Find new parent friends
Even if old friends continue to play an important role, the circle of friends often shifts with parenthood. Presumably, new friends are added—those you get to know through your little explorer and who have children of a similar age. Especially in the first period with a baby, it's helpful to exchange ideas with other parents and seek advice. It may be easier for you to share problems with other moms and dads who have gained comparable experiences and understand your situation. At the same time, it is easier to maintain contact with other parents who have a similar daily life to yours and your family. It’s especially wonderful when these parent connections develop into lifelong friendships and your child grows up together with your friends’ children. We have gathered some ideas on how this can work:
Pregnancy and parental leave offer many opportunities to meet other parents. Talk to other moms and dads who find you friendly in the childbirth preparation course , during postnatal yoga, or in the crawling class, just to say hello. Chances are good that they are also looking for like-minded people to connect with.
To ensure that parenthood isn't the only thing that connects you, similar interests are also important. Therefore, find courses, places, or events that are not only interesting for your child but also for you. In addition to music groups and sports courses, cities especially offer museum tours designed specifically for families with young children.

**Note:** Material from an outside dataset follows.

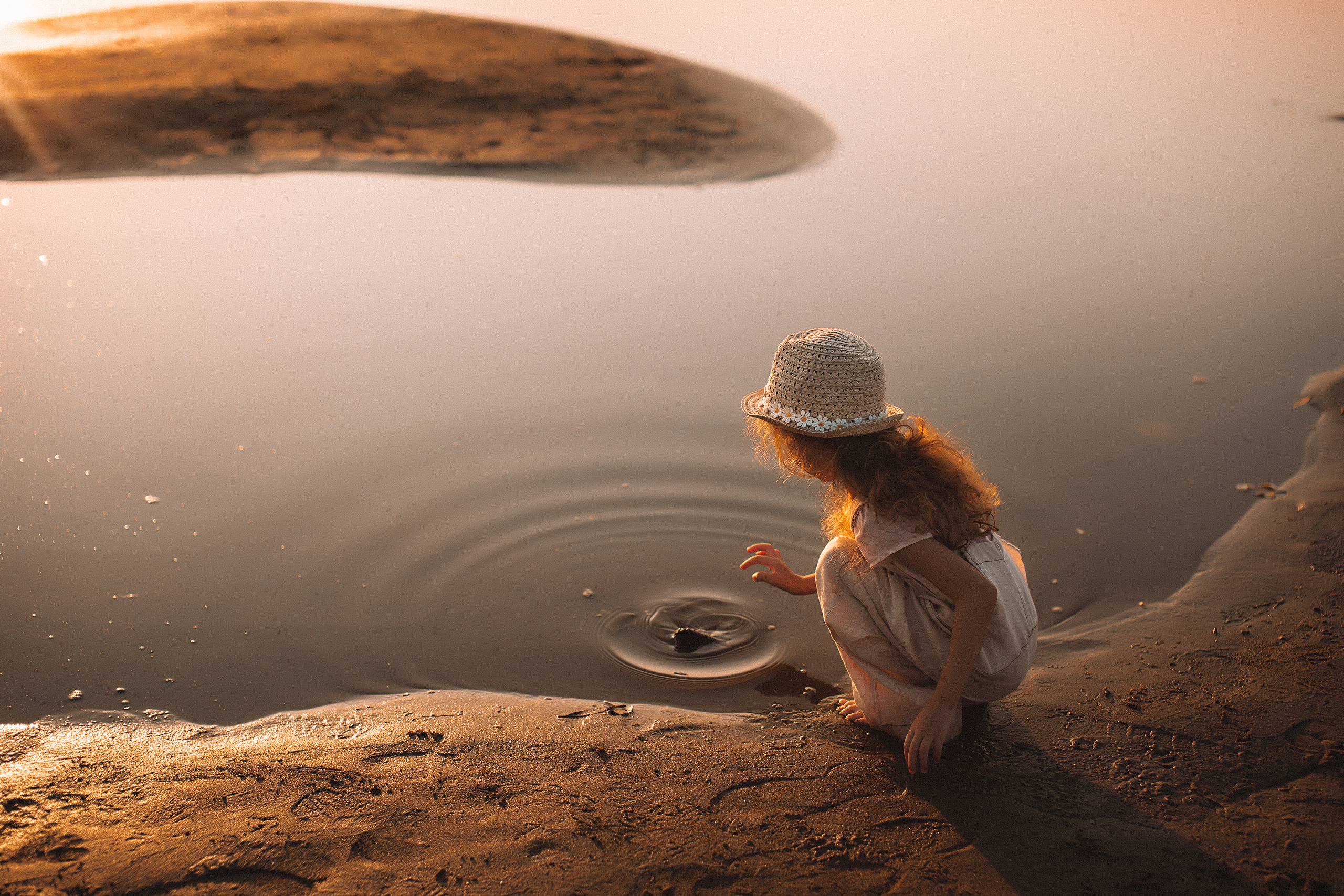 «Рождественский парк» Жасмин -ЭМИЛИ. Свадебный и семейный фотограф/видеограф в Краснодаре Наталья Осинская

Find new Baby Buddies with the LILLYDOO App
Maybe you and your partner moved during pregnancy and still need to build your network, or perhaps at the playground or in the crawling class, there simply wasn't a mom or dad around with whom you "clicked." Then try it with the Baby Buddies Features of LILLYDOO App , with which you can find digital families near you that match your preferences. How does it work? Simply log in with your LILLYDOO account or register in the app. Then, you can create a profile with your name, age, and photo, and introduce yourself and your family in a short text. Now, just enter your postal code and set the radius for the search, and potential Baby Buddies Suggested nearby. If you like a family's profile, give it a "Like" by swiping right; to continue searching, swipe left. If you both find each other appealing, a match is created, and you can directly communicate via the chat function and get to know each other better. Who knows, maybe your Baby Buddy and you will become lifelong friends and soon face the daily baby routine together?
Becoming a parent marks a beautiful but also challenging phase of life. It's all the more wonderful when you share this with new Baby Buddies that you can share, whom you might never have met without your little explorer. Maintaining your old friendships may become a bit more complicated, but it is just as wonderful. After all, your friendship "family" is growing with a little person whom your friends will surely be happy to get to know.